(Bloomberg View) -- Silicon Valley is famous for disrupting industries, but disrupting social problems is a different matter. Closely held companies that exist in highly competitive markets can easily hurt the bottom line by spending resources on helping the needy -- which is why government, not business, usually provides aid to the poor. But against the odds, a Silicon Valley innovator is disrupting poverty.
YCombinator, probably the most famous tech-company accelerator, is starting a pilot program to test the idea of universal basic income. Basic income is simply a certain amount of money given to every adult. Although the idea has struggled politically so far -- Switzerland on Sunday voted down a basic income program -- it has gathered increasing interest from unlikely corners of the political spectrum. QuickTake Universal Basic Income
In its experiement, YCombinator will send between $1,000 and $2,000 a month to 100 families in Oakland, California, for between six months and a year. From the company’s website:
We want to run a large, long-term study to answer a few key questions: how people’s happiness, well-being, and financial health are affected by basic income, as well as how people might spend their time. But before we do that, we’re going to start with a short-term pilot in Oakland...In our pilot, the income will be unconditional; we’re going to give it to participants for the duration of the study, no matter what. People will be able to volunteer, work, not work, move to another country—anything...If the pilot goes well, we plan to follow up with the main study.
This is great. We need more policy experiments like this. There are many competing theories about what will help poor people, so the only way to find out what really works is to try stuff. And unlike many policy experiments, this one might turn out to have fewer downsides than existing programs to help the poor.
This isn't the first experiment with unconditional cash transfers to poor people. Development economists often conduct these kinds of studies in very poor countries, where they’re much cheaper to run. They find that giving people money is effective in reducing poverty, and recipients don’t tend to spend the money on things like alcohol and tobacco. In rich countries, economists have to use natural experiments -- random changes in government policy that affect some groups but not others -- to estimate the effects of cash handouts. These have also yielded encouraging results -- giving people money improves their economic and psychological well-being.
However, YCombinator's experiment and others like it are inherently limited, because they're short-term. Economists have long realized that people’s behavior depends not only on the present, but on their expectations of the future. For example, Milton Friedman hypothesized that people’s consumption depends not just on their current income, but on their permanent income, or their expected lifetime earnings. Studies later indicated that though this doesn’t describe all of people’s behavior, it does represent a sizeable chunk.
So to really know how cash transfers affect people’s consumption, we would need the program to be longer-term. This also applies to people’s work behavior. The main danger of basic income is that by raising poor people’s income, it would reduce their incentive to work. I don’t really worry about this danger, since I think the good that’s done by eliminating deprivation would outweigh the drop in economic output that would come from poor people being idle. But if you did worry about this, you would want a longer-term experiment than what YCombinator is able to perform.

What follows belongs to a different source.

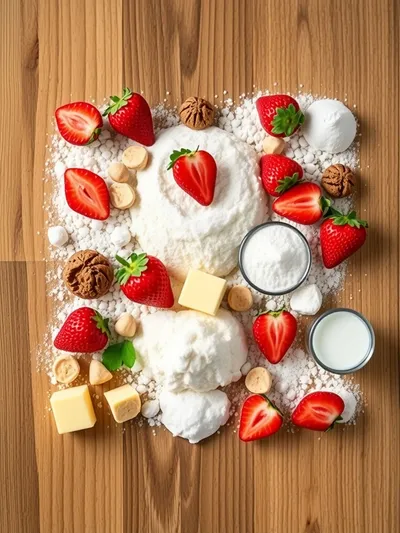 Quick Strawberry Vanilla Bean Scones - ingredients preparation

The real question, of course, is whether basic income can be a long-term substitute for work itself. Despite much public pooh-poohing of the notion that technology will make most human labor redundant, many people are worried that this time could be different. The worry isn't that humans would be worthless, but that wages and wealth would diverge enormously between those who can work well with machines and those who can’t. In that world, basic income might be our last-ditch defense against extreme inequality.
Silicon Valley’s tech titans believe strongly in the power of their own creativity. They are also people who are paid to think long-term, and to seek blue-sky solutions. So it’s no surprise that the push for a basic income -- long a staple of science fiction -- should be welcomed by some in the tech industry.
The main objection to basic income, so far, is the cost. But as Vox’s Matt Yglesias notes, the program wouldn’t break the bank. Much of it would simply be a consolidation of various existing transfer programs into a single easy distribution system. The added cost might increase the size of government, but not to intolerable levels. By Yglesias’ calculation, a basic income of $10,000 per adult and $6,000 per child would raise government spending to about 55.5 percent of gross domestic product -- still less than France or Denmark. And that’s assuming that basic income doesn’t replace any other welfare programs.
The real danger of basic income, as I see it, is that work itself might address a basic human need for dignity. When many people feel that their labor has value, they have a sense of self-worth and a freedom that subsisting on government handouts doesn't provide. If basic income becomes the only thing standing between most human beings and the threat of dire poverty, then everyone will know that they exist and enjoy their lives only at the sufferance of a few rich taxpayers. If basic income makes people feel like the pets of the wealthy, they may turn to unhealthy behaviors.
Short-term experiments won’t be able to tell us much about that long-term psychological danger. When crafting our national policy, we should remember what studies like this can and can’t tell us.